Machine learning and algorithmic interviewing too hard?
Source:
Https://mp.weixin.qq.com/s/GrkCvU2Ia_mEaQmiffLotQ
Shi Xiaowen
August participated in a number of pre-approved interviews, including Ali, Baidu, headlines, shells, a little information and so on. Organized a number of interview questions, share to everyone.
First, machine learning basic problem
1, the formula of LSTM
2, Rnn why the gradient disappears and the derivation of BPTT
3, the basic principle of DQN?
4. What is the difference between a GBDT and a random forest?
5, the principle of GBDT, how to do classification and regression
6, random forest random embodiment in which aspect
7, the principle of Wide &deep
8. How is GBDT+LR done?
9, DQN Model Why do experience playback
10, if the data is not independent of the distribution of what will happen
11, the principle of AUC introduction
12. The difference between Xgboost and GBDT.
13. The difference between intensive learning and supervised learning
14. What are the loss functions within the neural network?
15. What are the common activation functions in machine learning? Why do I usually need a 0 mean value?
16, DEEPFM Introduction
17. FM Deduction
18, the difference between boosting and bagging?

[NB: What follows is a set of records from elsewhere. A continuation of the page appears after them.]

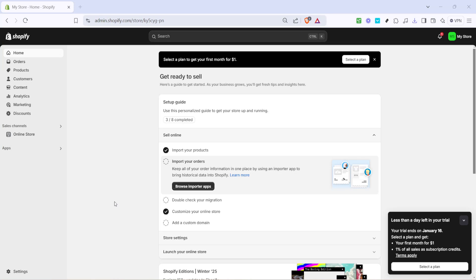In today's video I'm going to teach you how to put your Shopify store under construction with a coming soon page. This is especially useful if you're not quite ready to launch your store but want to create some anticipation among your potential customers. Let's dive in.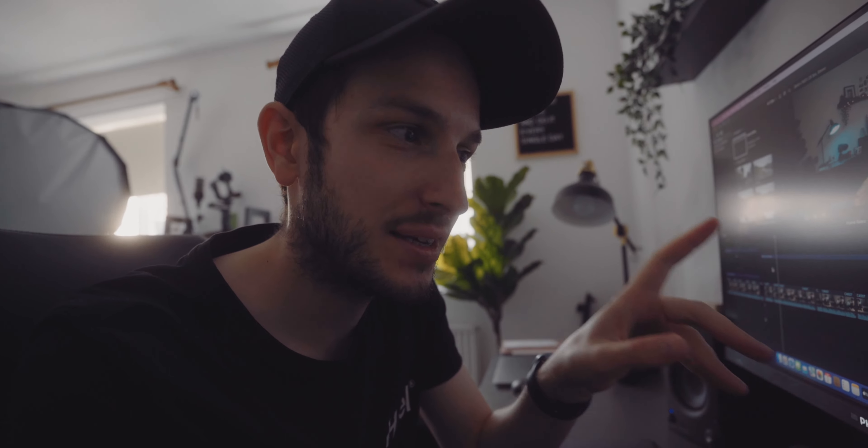First things first, you want to check what region of the world you are in — specifically, are you in a PAL region or an NTSC region? Note: I got this mixed up while filming. America is actually NTSC and Europe is PAL, so just be aware of that. You want to check and then set your camera accordingly to whichever region you are in.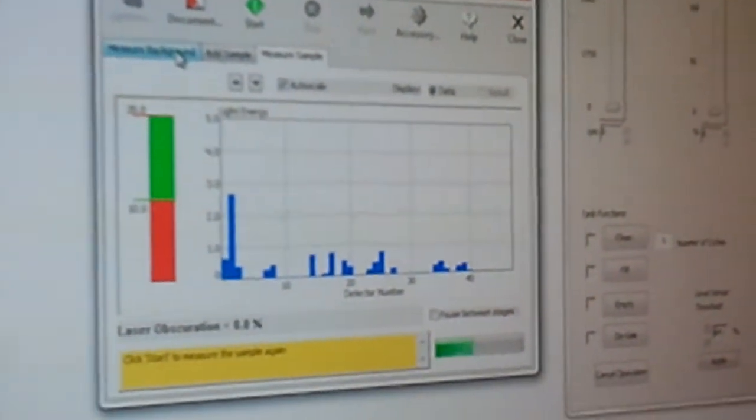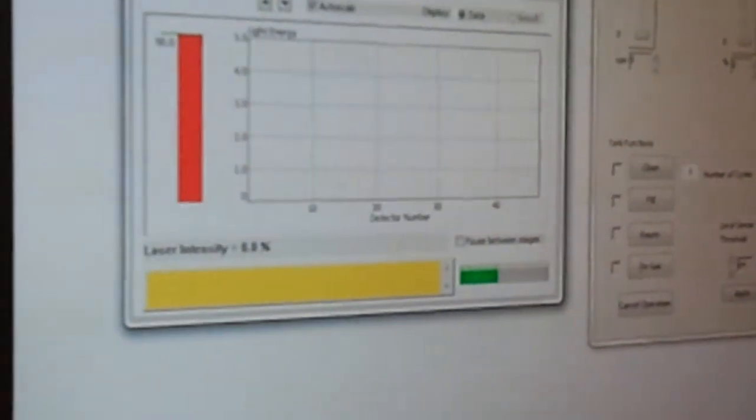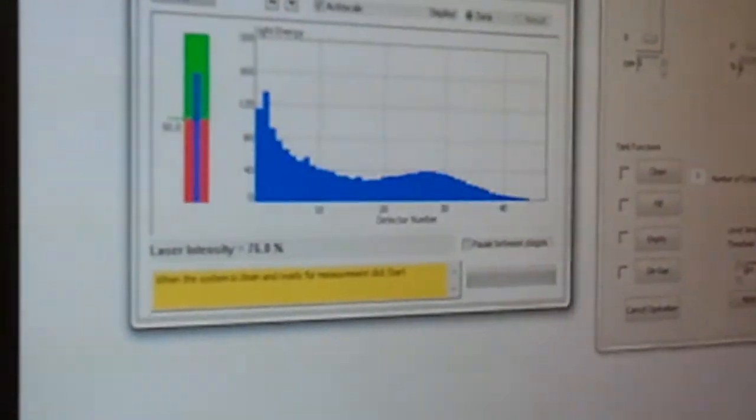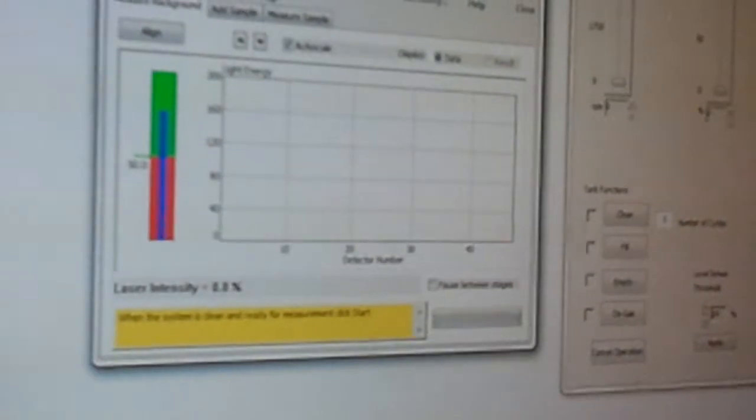Let's go back to measuring the background. Yep, and then we start.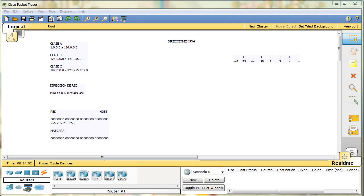Saludos a todos. Vamos a empezar, como podréis observar, a ver el formato de las direcciones IP, en concreto las direcciones IPv4.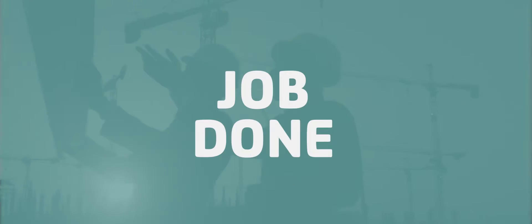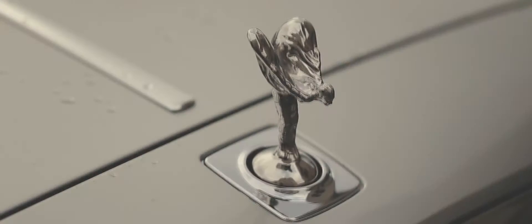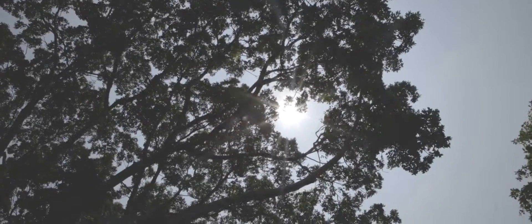It matters to them they'll get the job done properly. Within Reset, it matters to us that we do the job properly. We look after our customers. Customer care is first and foremost in our minds.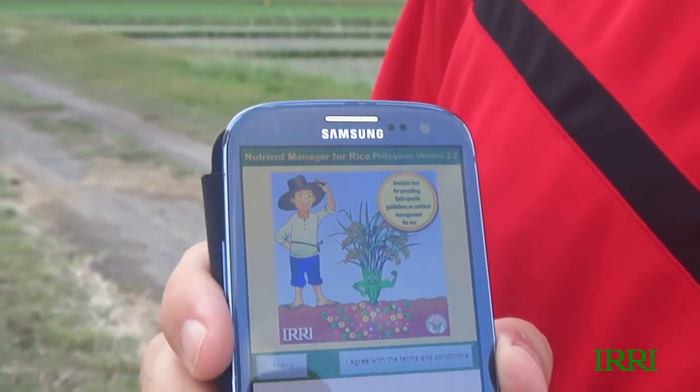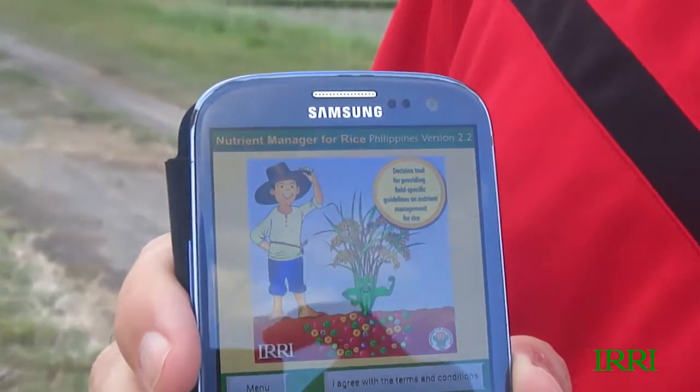What it does is walk you through a series of relatively simple questions about your field: what you've done previously in management, how you manage your organic matter, what you do with your crop residue, what your source of irrigation water is, what your variety is — all things that influence the nutrient input-output budget of this particular field.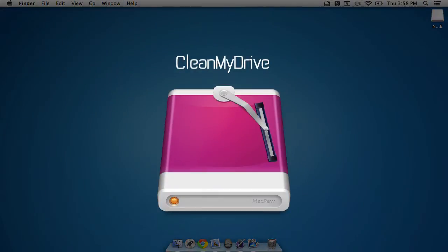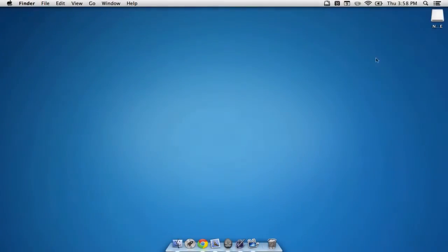This app allows you to clean junk from any external hard disk drive, as well as any flash drives. So let's have a look at the application.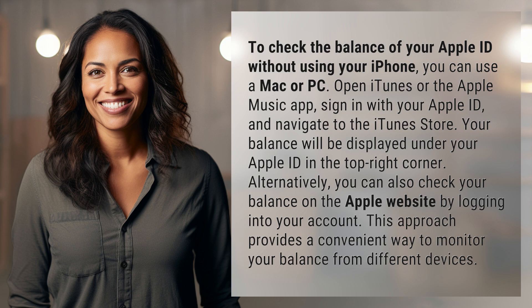Your balance will be displayed under your Apple ID in the top right corner. Alternatively, you can also check your balance on the Apple website by logging into your account. This approach provides a convenient way to monitor your balance from different devices.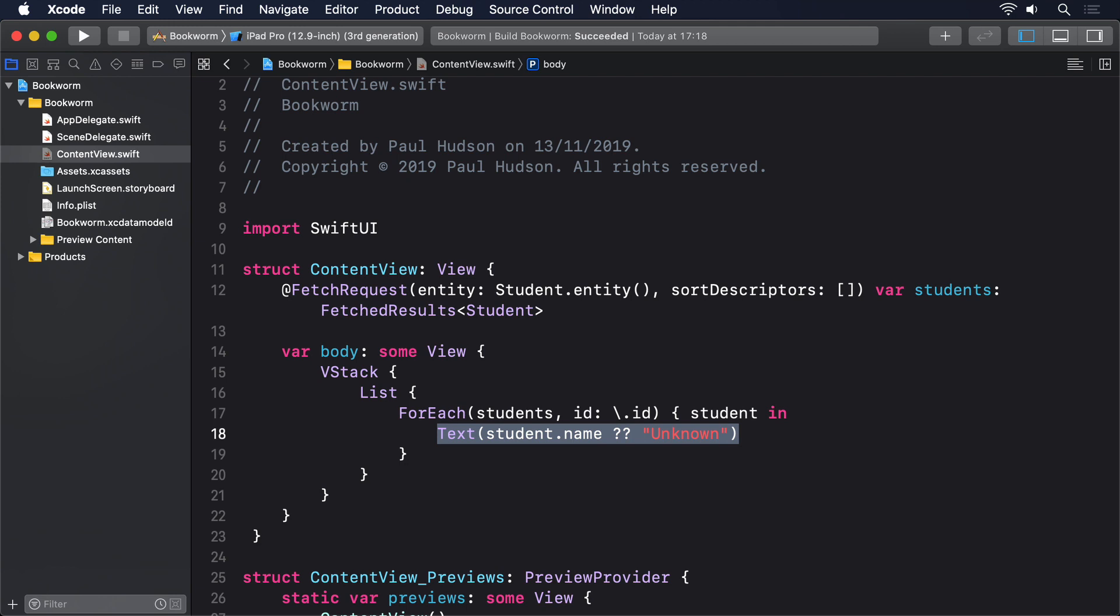But first, we need a new property to store a managed object context. Now let me back up a little bit, because this matters. When we define the Student entity, what actually happened was that Core Data created a class for us that inherits from one of its own classes, NSManagedObject. We can't see this class in our code because it's made automatically when we build our project, just like CoreML's models.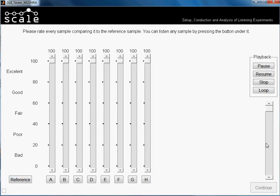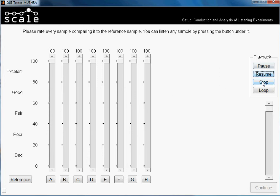The reference sounds and we have also here a slider which moves according to the playback position of the sample. We have some playback options: we can pause the sample — they are very short samples so it doesn't make a lot of sense — then we have resume when it's paused. Now it's paused, I could resume. We can stop the playback and we can select loop so the sample will be played as a loop.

19. Why can bagging reduce variance?
20, cross-entropy loss function, 0-1 classification of the cross-entropy loss function form. What is a convex function? 0-1 Classification If the square loss is used, why is the cross-entropy rather than the square loss?
21, L1 and L2 What is the difference, from the mathematical point of view to explain why L2 can enhance the generalization ability of the model.
22. What are the differences between L2 and dropout in deep learning?
23. What are the benefits of L1 regularization?
24, if there are 10,000 geographical coordinates, converted to 1-10000 of the number, you can use the decision tree?
25. What is the difference between cart classification tree and ID3 and C4.5?
26, tree integration model There are several ways to achieve: bagging and boosting, in the course of the answer asked a lot of details. What are the random aspects of the forest, adaboost How to change the sample weights, what is the GBDT classification tree fit?
27. What is the difference between dueling dqn and DQN?
28. What is the effect of early stop on parameters?
Second, the data structure algorithm problem
1, K ordered array, find a minimum length of the interval, in this interval contains at least one number of each array
2, n [0,n] number, for each number of occurrences (can not open up additional space)
3, array of the full arrangement (Space complexity O (1))
4, a pile of banknotes, as evenly as possible (using the idea of knapsack problem)
5. The maximum value of the shortest path (Floyd algorithm) in a non-circular graph
6, the Level traversal binary tree
7. The longest common subsequence of a string (dynamic planning)
8, the tree's pre-sequence traversal and zigzag traversal (non-recursive)
9, an array, all arrays appear two times, only one number appears once, return this number (bitwise operation)
10, an array, a number appears more than half times, returns this number
11. The result of division is returned with a string, if it can be done, the result of dividing is returned, if not done, the infinite loop part is marked with [].
12, array sorting, assuming that the order of the array after the precedence and ranking before the absolute difference between the value of less than K, what is faster than the algorithm?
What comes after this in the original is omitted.